This post was written during Alex Altair's agent foundations fellowship program, funded by LTFF. Thank you Alex Altair, Alfred Harwood, Daniel C for feedback and comments.
Introduction
The selection theorems agenda aims to prove statements of the following form: "agents selected under criteria X has property Y," where Y are things such as world models, general purpose search, modularity, etc. We're going to focus on world models.
But what is the intuition that makes us expect to be able to prove such things in the first place? Why expect world models?
Because: assuming the world is a Causal Bayesian Network with the agent's actions corresponding to the D (decision) node, if its actions can robustly control the U (utility) node despite various "perturbations" in the world, then intuitively it must have learned the causal structure of how U's parents influence U in order to take them into account in its actions.

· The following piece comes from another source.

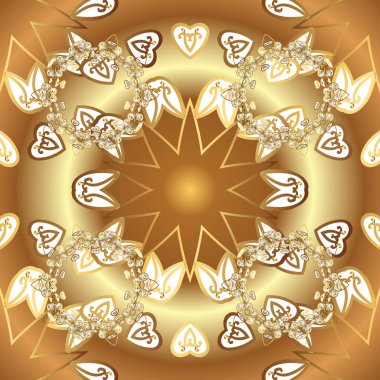 Soyut duvar kâğıdı, ambalaj dekorasyonu. Kış sembolü, Mutlu Noeller, Mutlu yıllar 2019. Beyaz, kahverengi ve bej renklerde altın desen. Altın kar taneleri basit, pürüzsüz desen.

And the same for the causal structure of how U's parents' parents influence U's parents ... and by induction, it must have further learned the causal structure of the entire world upstream of the utility variable.
This is the intuitive argument that the paper Robust Agents Learn Causal World Model by Jonathan Richens and Tom Everitt formalizes.
Informally, its main theorem can be translated as: if an agent responds to various environment interventions by prescribing policies that overall yield low regret, then it's possible to appropriately query the agent to reconstruct an implicit world model that matches up with the ground truth causal structure.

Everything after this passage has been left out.